What is the relationship of this sum to the Zeta function?

What do you get when you subtract \(\zeta{(1)}-1\) from \(\lim_{x \to \infty} \, \log{(x)}\)?

big big hint... don't look unless you want a spoiler.


What's:

\( \sum_{k=2}^{\infty} \, \frac {\zeta{(k)}}{k} - \frac {1}{k}\)



Further: If the series is convergent for \( \infty> x > y >0 \) and \(0 < x < y <= x +1 < \infty \), what other function is the sum related to?
 
Given the following Taylor series for log (I refer to natural log, or ln, as log).

\(\log{(\frac{x}{y})} = \log{(x)}-\log{(y)} = \sum_{n=1}^\infty \, {(\frac {x-y}{x})}^n \,\, \times \, n^{-1}\)

What is the relationship of this sum to the Zeta function?
If you set y = 0, you get ζ(1), which is infinite.
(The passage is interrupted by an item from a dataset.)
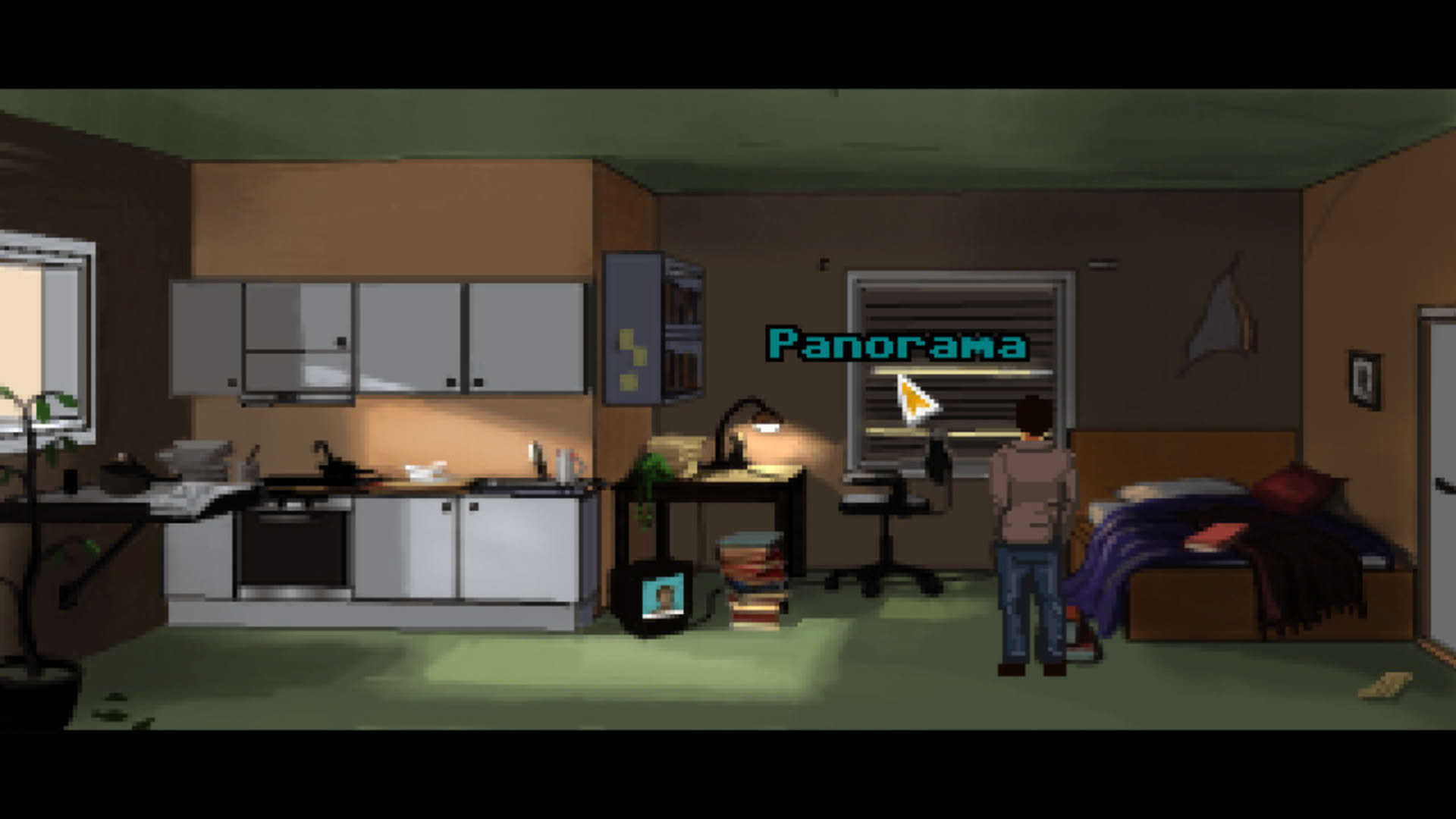 Screenshot for The Samaritan Paradox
What do you get when you subtract \(\zeta{(1)}-1\) from \(\lim_{x \to \infty} \, \log{(x)}\)?
That's infinity - infinity, and that's dependent on how you take the limit to infinity for each operand.

There's a much better way to find what the zeta function is for an argument near 1. Consider an alternating-sign version:
\( \zeta(s) = \sum_n \frac{1}{n^s} ,\ \zeta_{alt}(s) = \sum_{n=1}^{\infty} \frac{(-1)^{n+1}}{n^s} \)
One can easily show that
\( \zeta(s) = \frac{1}{1 - 2^{1-s}} \zeta_{alt}(s) \)
Near s = 1,
\( \zeta(s) \sim \frac{1}{(s-1) \log 2} \zeta_{alt}(1) \)
But
\( \zeta_{alt}(1) = \sum_{n=1}^{\infty} \frac{(-1)^{n+1}}{n} \)
and from x = 1 and y = 2 in Kharakov's logarithm expression,
\( \log 2 = \sum_{n=1}^{\infty} \frac{(-1)^{n+1}}{n} \)
This means that
\( \zeta_{alt}(1) = \log 2 \)
and
\( \zeta(s) \sim \frac{1}{s-1} \)
One can show that it has an O(1) term added to it.

Further: If the series is convergent for \( \infty> x > y >0 \) and \(0 < x < y <= x +1 < \infty \), what other function is the sum related to?
No idea. I'd need a hint as to where to look.
 
Now for P(p,n,+-) = pn - 1 proofs. Which constraints on n yield only primes?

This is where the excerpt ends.